SEBI Introduces: Trading supported by Blocked Amount in Secondary Market

SEBI Introduces ASBA Like Trading Facility For Secondary Market-enhancing Investor Protection

 

To protect investors' money from potential misuse and defaults by stockbrokers, the Securities and Exchange Board of India (SEBI) has introduced a new process for trading in the secondary market. This innovative process enables investors to utilize funds that are blocked in their bank accounts for trading purposes, without the need to transfer them upfront to the trading member. By doing so, investors can have greater control over their funds while participating in the market. The new process, similar to the ASBA (Application Supported by Blocked Amount) facility used in the primary market, ensures that funds are moved only when there is an allotment.

In the newly established framework, the funds will be retained in the client's account but will be secured by blocking them in favor of the clearing corporation (CC) until the block mandate either expires or is released by the CC. This arrangement ensures the protection and integrity of the funds while allowing for efficient trading processes.The CC will handle the settlement of funds and securities, reducing the risks associated with individual members handling client assets.Commencing January 2024, the new facility will be operational, bringing significant advantages to investors.

This process provides added protection for investors' funds, minimizing the risks of misuse and defaults by stockbrokers, and safeguarding their capital. The UPI block created during this process will serve as collateral and can be used for settlement purposes. Investors can choose to block lump sum amounts and can debit the block multiple times based on available balances for settlement obligations spanning multiple days. Initially, the facility will be implemented in the equity cash segment and may be extended to other segments in the future.

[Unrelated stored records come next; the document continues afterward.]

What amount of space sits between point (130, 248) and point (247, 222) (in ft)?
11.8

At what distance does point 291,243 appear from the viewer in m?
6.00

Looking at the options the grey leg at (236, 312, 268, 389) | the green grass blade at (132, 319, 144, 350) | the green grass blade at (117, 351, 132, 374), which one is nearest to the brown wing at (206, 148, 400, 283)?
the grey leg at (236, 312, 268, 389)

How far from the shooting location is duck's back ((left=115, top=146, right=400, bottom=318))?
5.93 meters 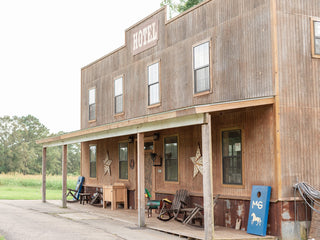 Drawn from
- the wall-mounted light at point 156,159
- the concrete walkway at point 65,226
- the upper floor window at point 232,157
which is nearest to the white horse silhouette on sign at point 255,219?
the upper floor window at point 232,157

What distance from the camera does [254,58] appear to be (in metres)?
10.8

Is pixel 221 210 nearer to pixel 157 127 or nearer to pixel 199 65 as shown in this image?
pixel 157 127

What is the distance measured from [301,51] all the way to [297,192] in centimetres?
327

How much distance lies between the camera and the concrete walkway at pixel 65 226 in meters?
10.3

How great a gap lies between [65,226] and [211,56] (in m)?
6.03

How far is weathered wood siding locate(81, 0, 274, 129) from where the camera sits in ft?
35.1

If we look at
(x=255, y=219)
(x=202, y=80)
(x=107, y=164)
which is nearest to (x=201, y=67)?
(x=202, y=80)

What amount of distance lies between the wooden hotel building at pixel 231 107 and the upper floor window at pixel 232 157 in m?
0.03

It is important to note that this facility is optional for both investors and stockbrokers. Investors with multiple trading accounts across different brokers can choose to utilize the UPI block facility with some brokers while using non-UPI-based trading with others. This flexibility reduces working capital requirements for brokers. The new framework eliminates custody risks associated with client collateral, as it remains with the members and is not transferred to the clearing corporation. Additionally, even in the event of a member's or fellow client's default, client pay-outs will not be affected.

Detailed operational guidelines, including the collection of brokerage, will be issued by the clearing corporation in consultation with relevant stakeholders such as stock exchanges and depositories. This advancement comes as a result of Sebi's endorsement of the proposal in March, following a prior consultation paper on the matter. The approval and consultation process by Sebi has paved the way for the implementation of this new initiative.

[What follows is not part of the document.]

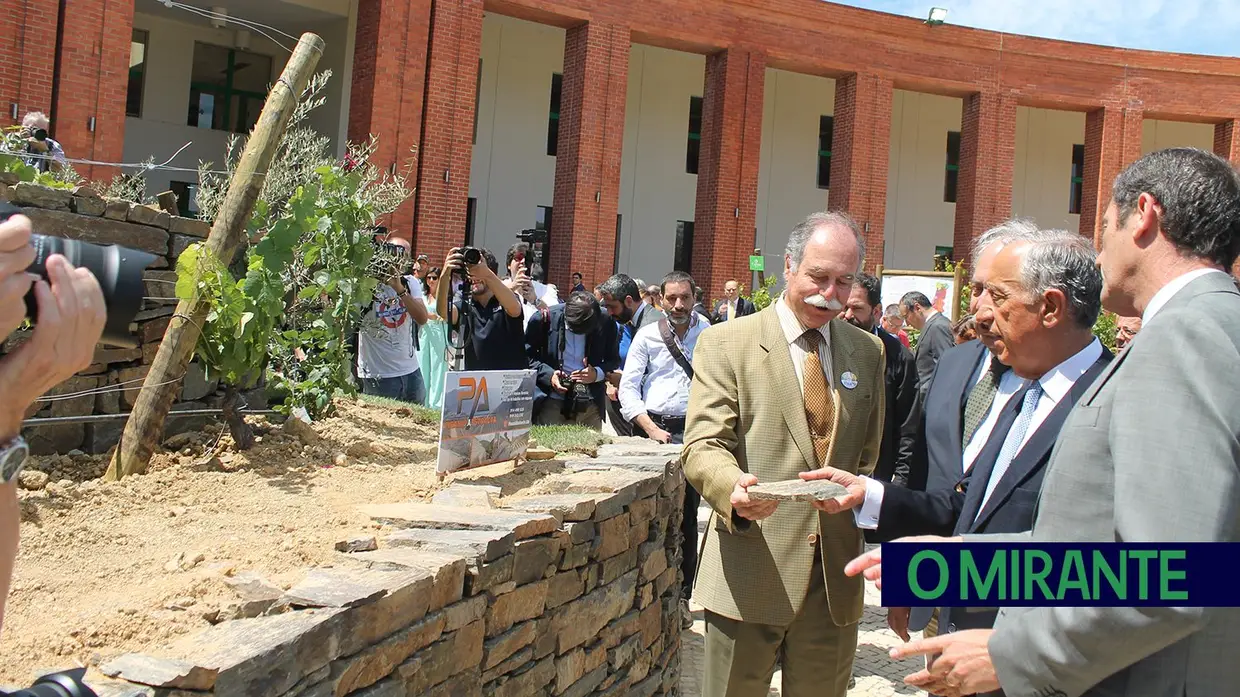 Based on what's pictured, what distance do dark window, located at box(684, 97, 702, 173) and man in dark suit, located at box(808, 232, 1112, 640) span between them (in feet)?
69.8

In summary, the new process introduced by Sebi provides investors with enhanced protection for their funds while trading in the secondary market. By allowing the use of blocked funds instead of upfront transfers, it reduces the risks of misuse and defaults. This framework offers flexibility for investors and brokers and ensures the safe handling of client assets by the clearing corporation. With the implementation of this new process, investors can trade with greater confidence and security in the Indian stock market.